Supplied information —
--------

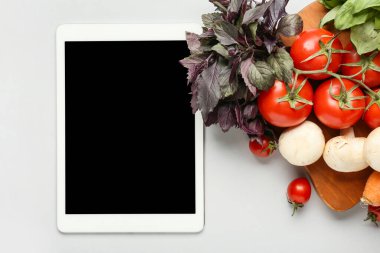 Beyaz arka planda sağlıklı ürünleri olan tablet bilgisayar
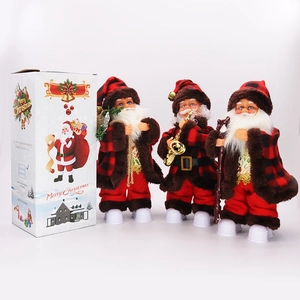 Detail of Christmas Santa doll in red plaid outfit with saxophone and festive packaging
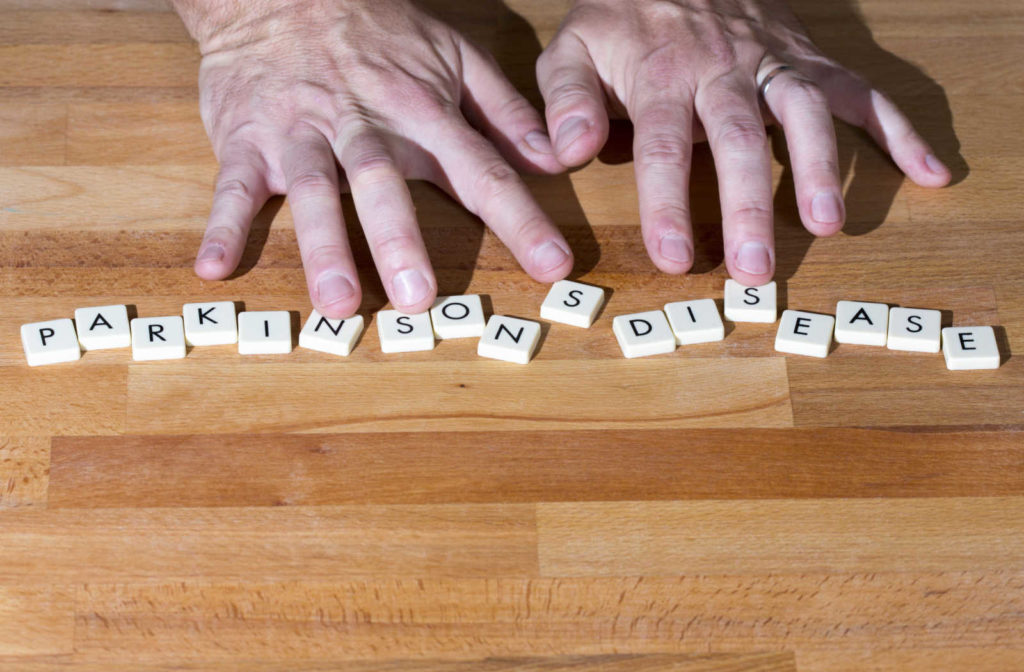 A seniors hands placed above block letters on a table spelling out parkinsons disease.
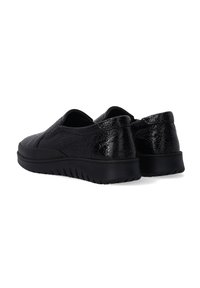 Black slip-on shoes made of textured material with a shiny finish. Features a thick black sole with ridged patterns for grip.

--------

About this task — Beginning with the line that contains "A seniors hands", output each line of the material above through the last one exactly as it stands. Do not include the pictures.

Reply —
 A seniors hands placed above block letters on a table spelling out parkinsons disease.
 Black slip-on shoes made of textured material with a shiny finish. Features a thick black sole with ridged patterns for grip.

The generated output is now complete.